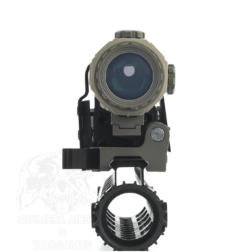 Magnificador G43 3x AIM-O - Imagen 6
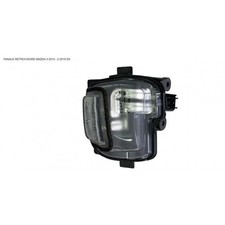 Blinker Rückspiegel Recht für Mazda 2 2014 IN Dann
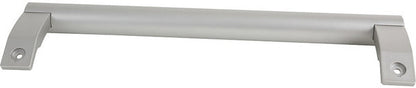 00669719 Madlo do lednice Bosch | Siemens
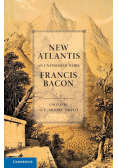 New Atlantis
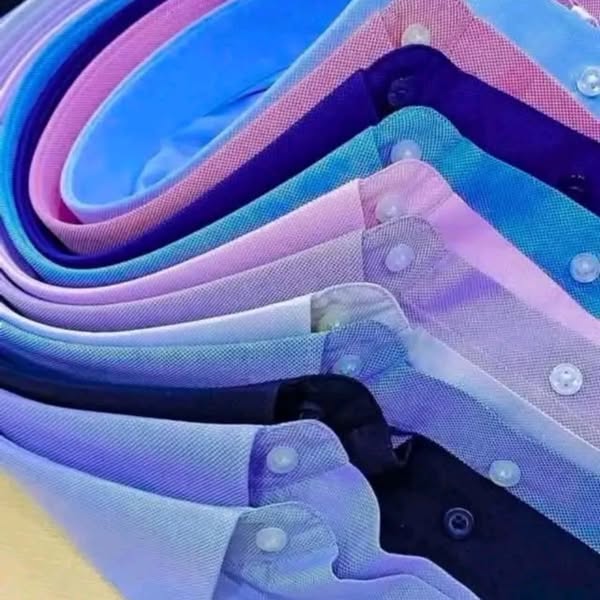 Shop for men's fashion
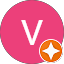 V W Avatar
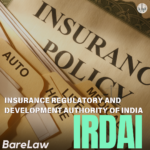 medical tourism laws regulations in india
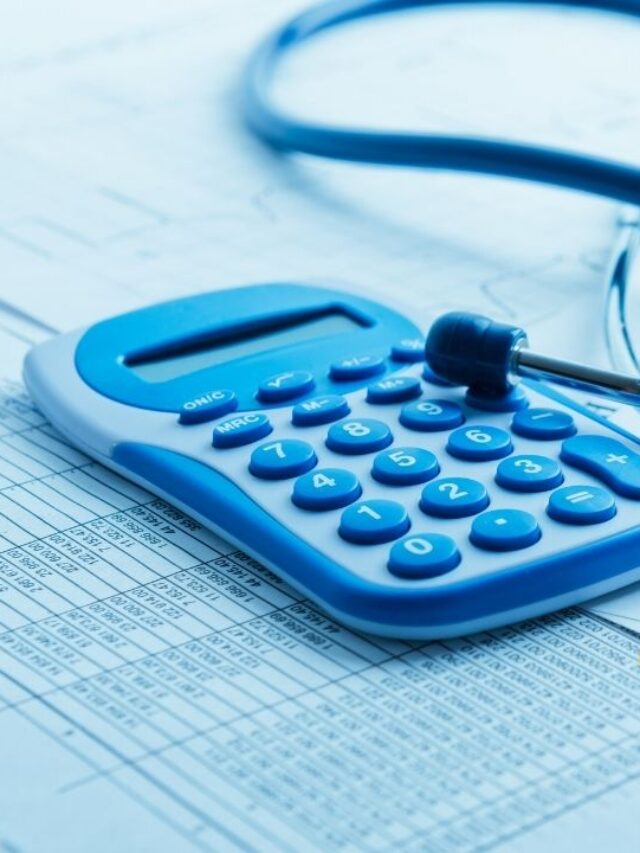 Story 10 Planos de Saúde: novas regras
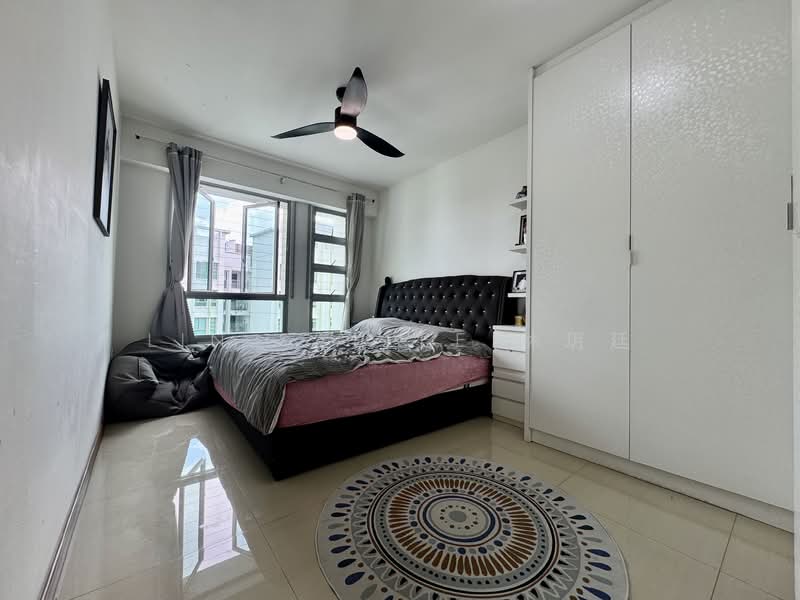 106B Bidadari Park Drive HDB Flat For Sale at S$ 1,220,000 | PropertyGuru Singapore - Bedroom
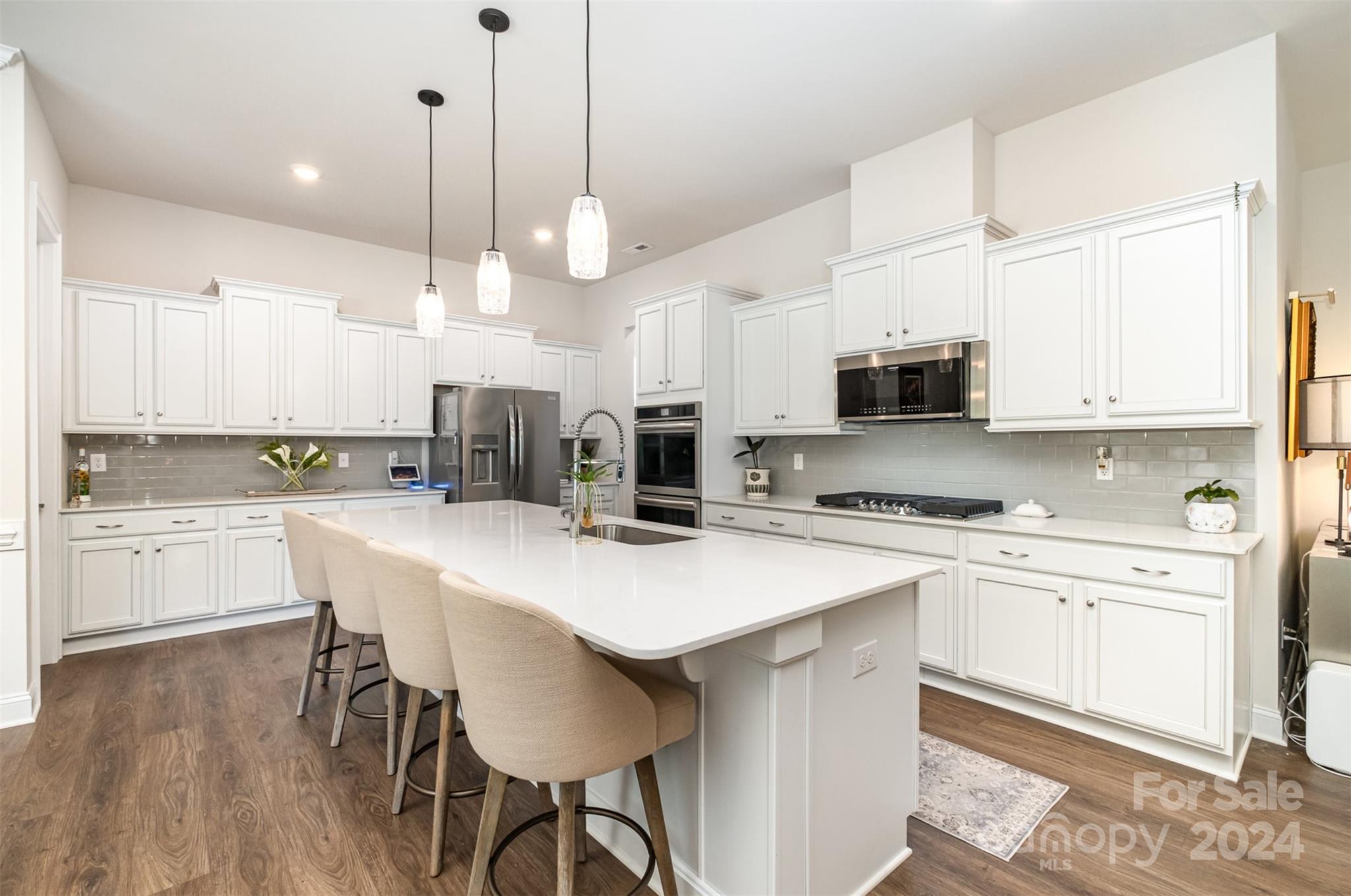 1377 Dali Boulevard Unit: 272
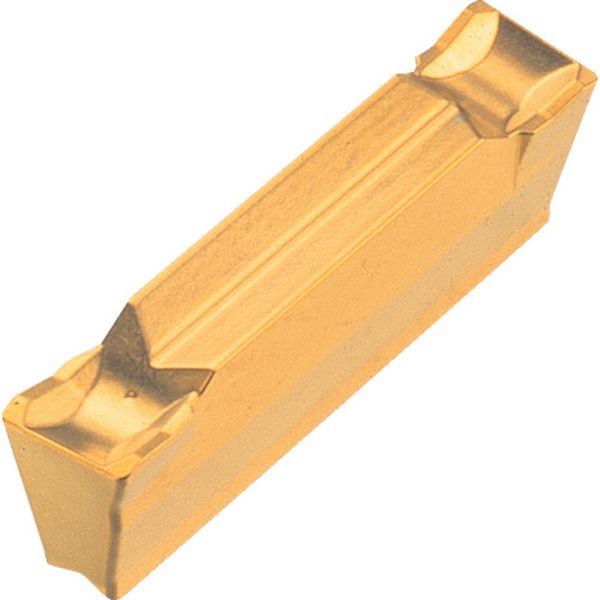 ドゥーグリップ用チップCOA 10個入り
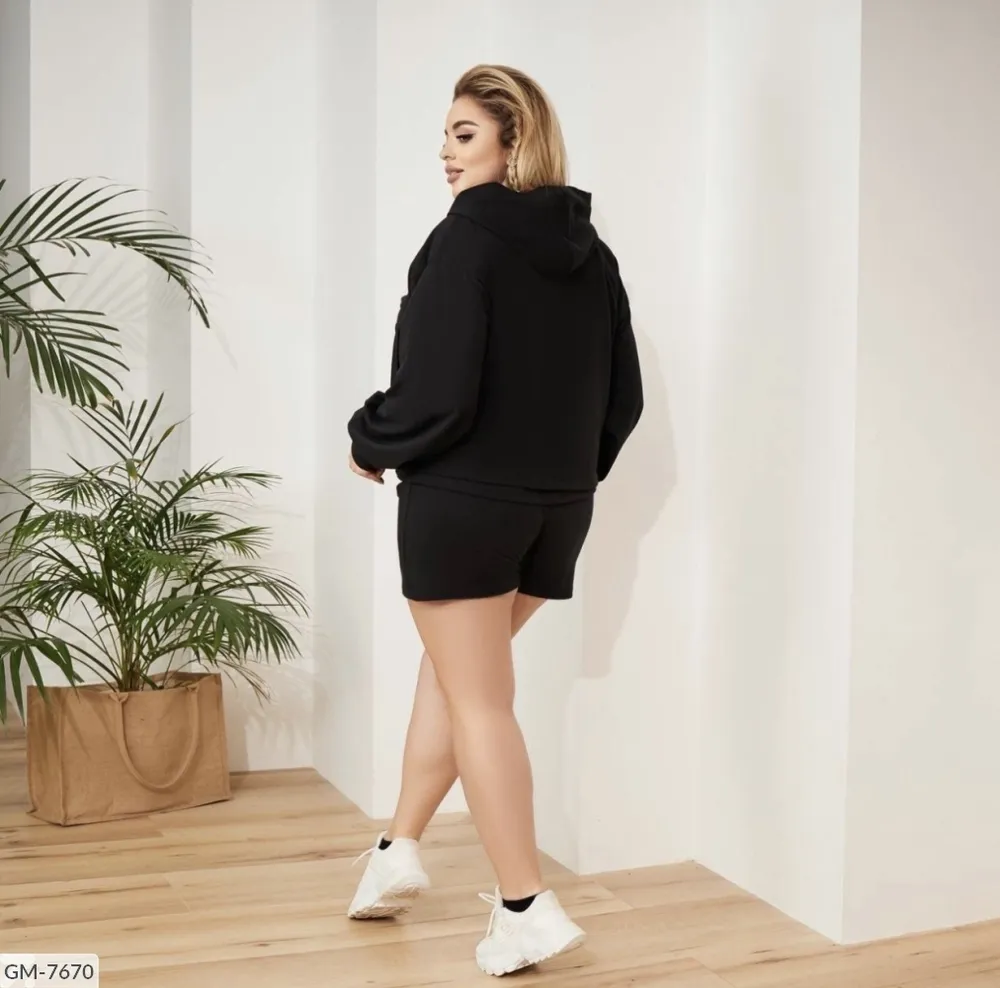 Комплект GM-7669 Фабрика Моды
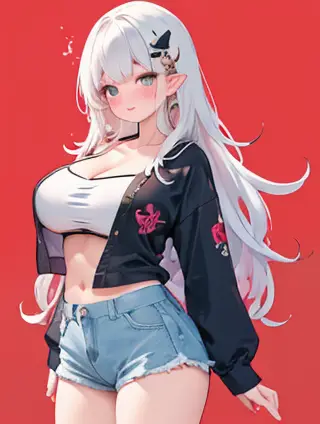 工业风格与房屋结构：一场关于空间与时间的对话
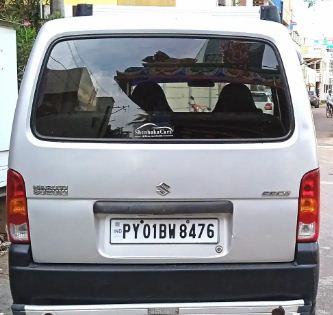 4335-for-sale-Maruthi-Suzuki-Eeco-Petrol-Second-Owner-2013-PY-registered-rs-265000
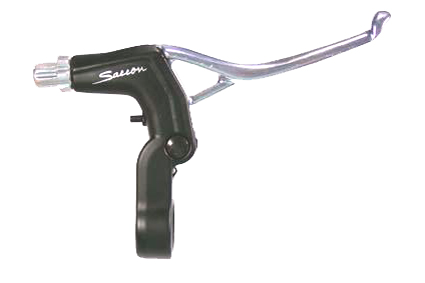 Breaklever type 101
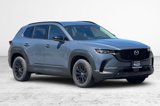 New 2025 MAZDA CX-50 AWD 2.5 Hybrid w/ Weather Package image 2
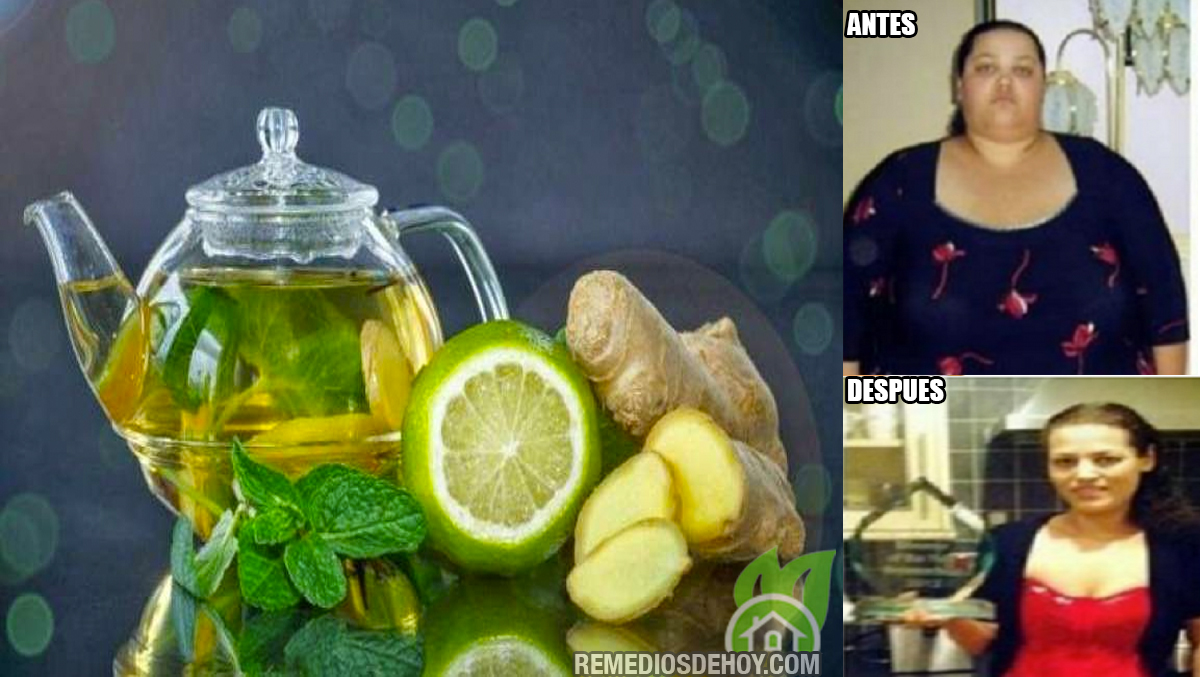Grupo que tipo de alimentos debo comer para bajar de peso Vuelve que tipo de alimentos debo comer para bajar de peso anotarlas todas
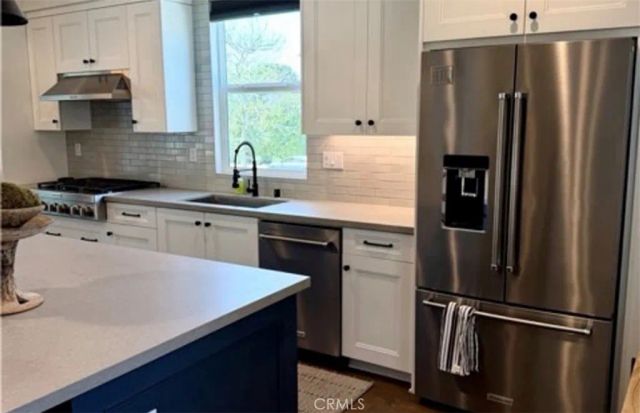 1197 Winslow Lane, Newport Beach, CA 92660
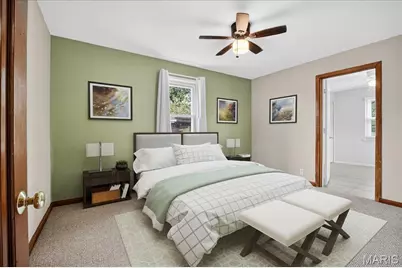 1361 Louisville Avenue, Saint Louis, MO 63139 - Photo 11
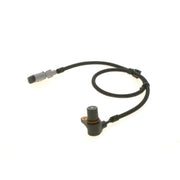 Bosch Crankshaft Position Sensor 0 261 210 177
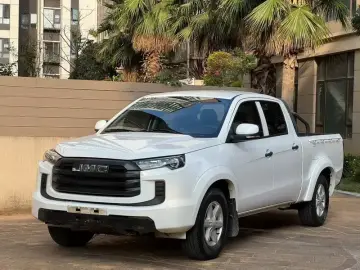 JMC Baodian
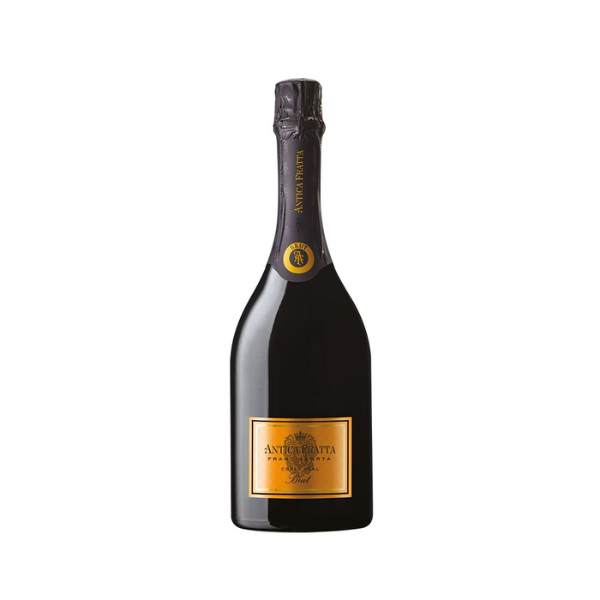 Franciacorta Antica Fratta Brut 1.5X1 DOCG Magnum A1810/1810482_dhsoqm2w2p.png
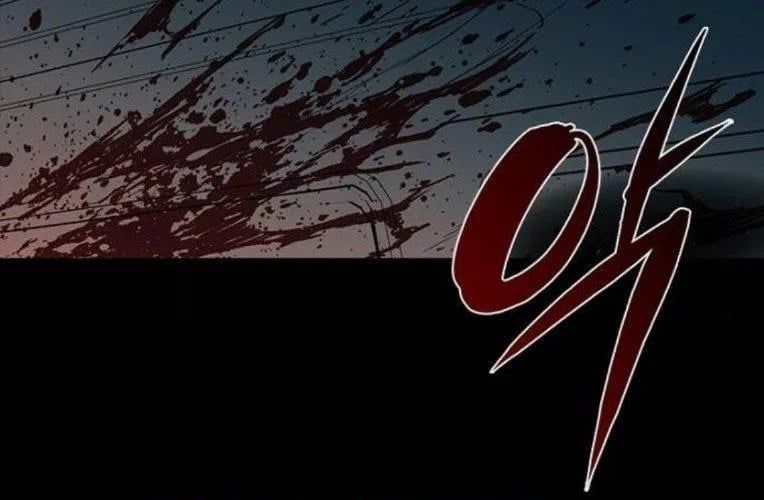 Cửu Long Saroka Chapter 47 - 294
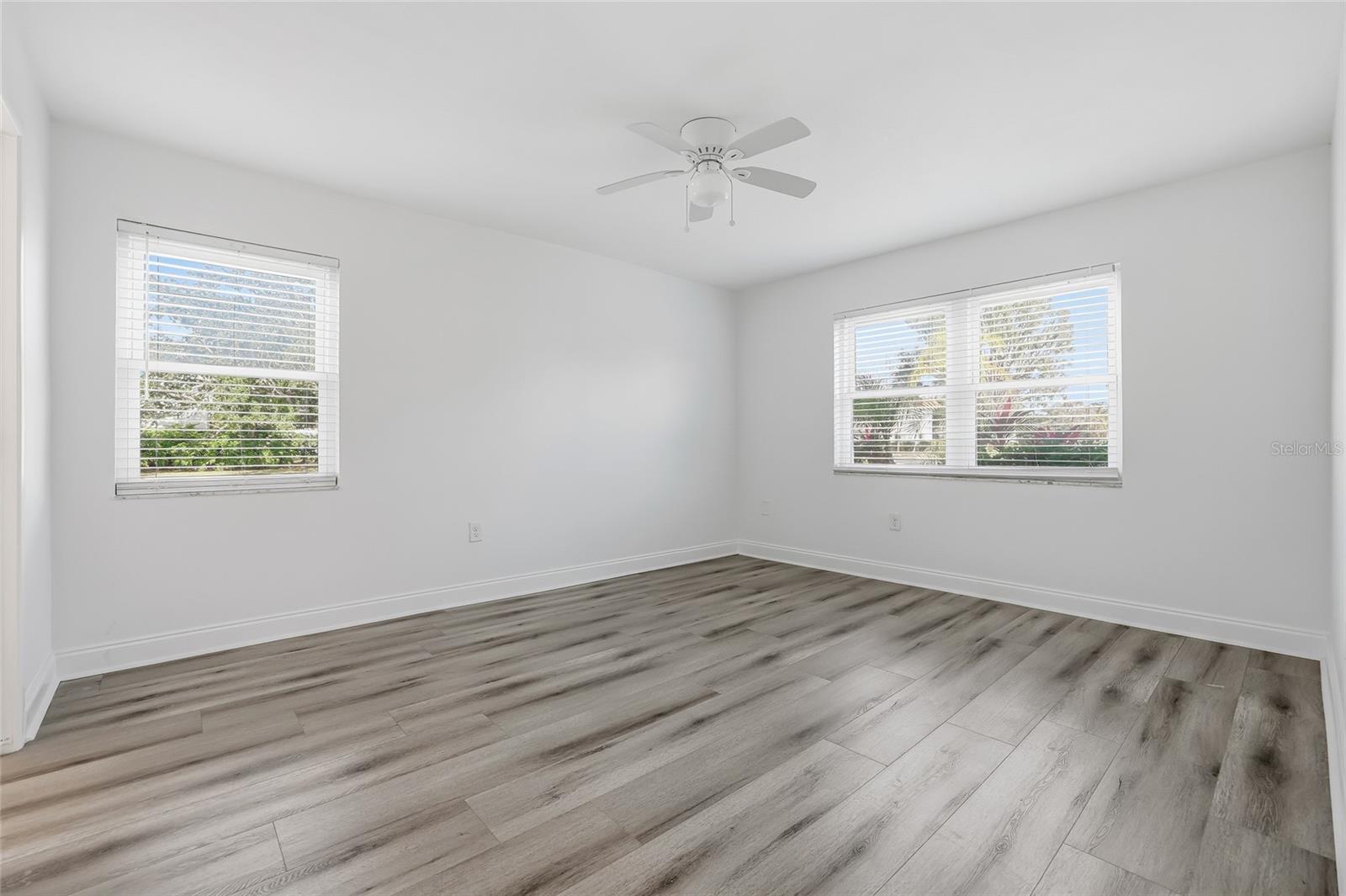 Image 29 of 70 For 379 Mcmullen Booth Road 75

######

● Task requirements: Please copy exactly the lines from the one containing "Franciacorta Antica Fratta" through the end of the records above, leaving out every picture.

● Expected output:
 Franciacorta Antica Fratta Brut 1.5X1 DOCG Magnum A1810/1810482_dhsoqm2w2p.png
 Cửu Long Saroka Chapter 47 - 294
 Image 29 of 70 For 379 Mcmullen Booth Road 75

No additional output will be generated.